Copyright ©2015 David B. Robins. Released under the Modified (3-clause) BSD License.
First release 2015-01-23.
This is a buddy allocator written in C++ (C++11) for use in an embedded environment.
It was originally used on an ARM software and has been built with GCC 4.8 and 4.9 (specifically, GNU tools for ARM embedded processors). Permission has been given by my employer to redistribute it provided the company name is not included. As of first release, we have been using it for about three months in several hundred devices and consider it stable production code. I wrote it because I wanted more deterministic fragmentation behavior than I could get from the default first-fit allocator.
The project includes an SConstruct file that will build with the SCons software construction tool. It is set up to build a test harness using Googletest (set environment variable GTEST_DIR
to your Googletest path, e.g. C:\tools\gtest\gtest-1.7.0
) using MinGW on Windows (while the allocator was written for an embedded system, the test project as a whole requires a host; there's no reason it shouldn't run on Linux or other OSes with minor changes). Running scons
will build an executable test harness that can be run as build/test
.
Memory overhead is 2 bits per smallest block, i.e., if the smallest block is 16 (2^4) bytes and the arena size is 1k (2^10), then it would be 2*1024/16 or 128 bits = 16 bytes.
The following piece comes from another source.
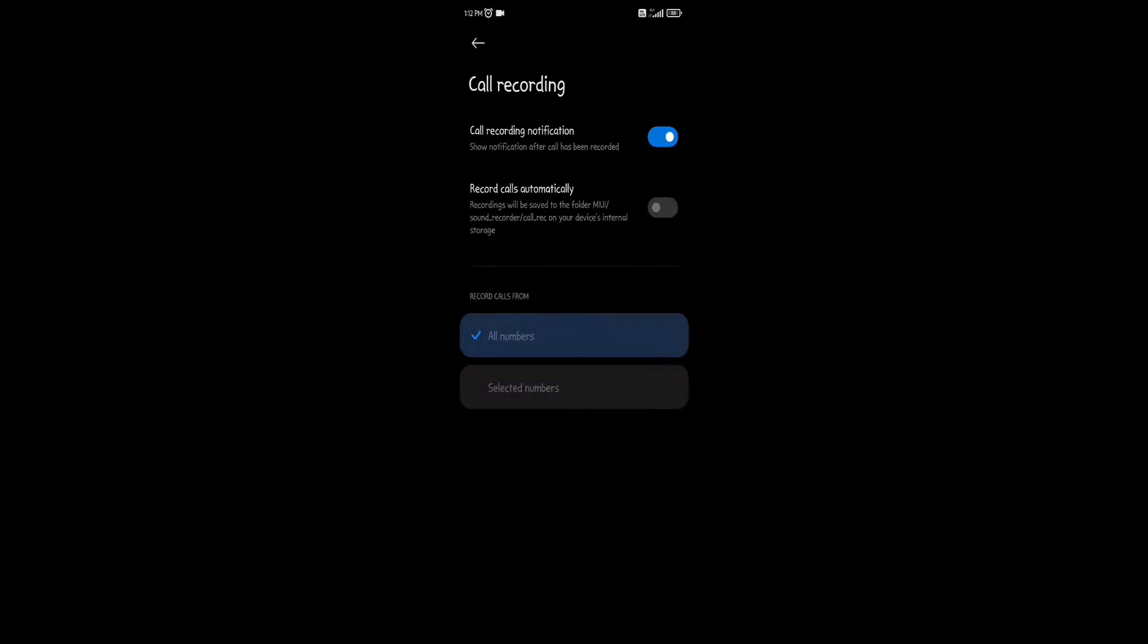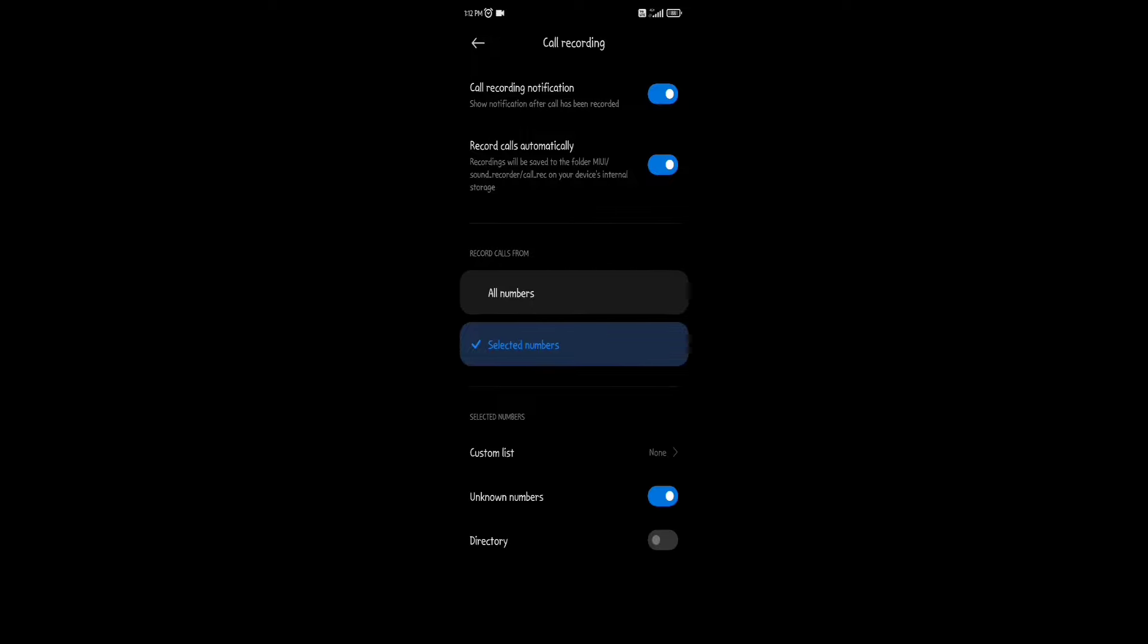Now, there is option of record calls automatically, turn it on. When this option is enabled, you can record calls of all numbers or you can select custom contacts or only unknown contacts.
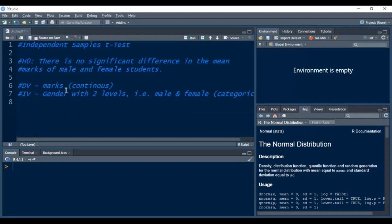The first assumption is checked by looking at our hypothesis — we have two variables and we know the scale of each. The third assumption is that observations should be independent. Since we have two labels — male and female — we must ensure each respondent is part of only one group: male students in the male group and female students in the female group. This way we achieve the independence of observations assumption. Further, we need to check normality, outliers, and equality of variances.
Create an arena by including the header and defining an Allocator<min, heap>
where min
is the size of the smallest block as a power of 2 (e.g., use 4 for 16) and heap
is the entire heap size, also as a power of 2 (e.g., use 10 for 1024 or 1k).
#include "Alloc.h"
Allocator<4, 10> g_alloc;
Memory can be allocated using the PtAlloc
methods; there is one for an array allocation, which takes a length, and another for allocating a regular type. They return a std::unique_ptr<T>
(or T[]
) which will free the memory when it goes out of scope.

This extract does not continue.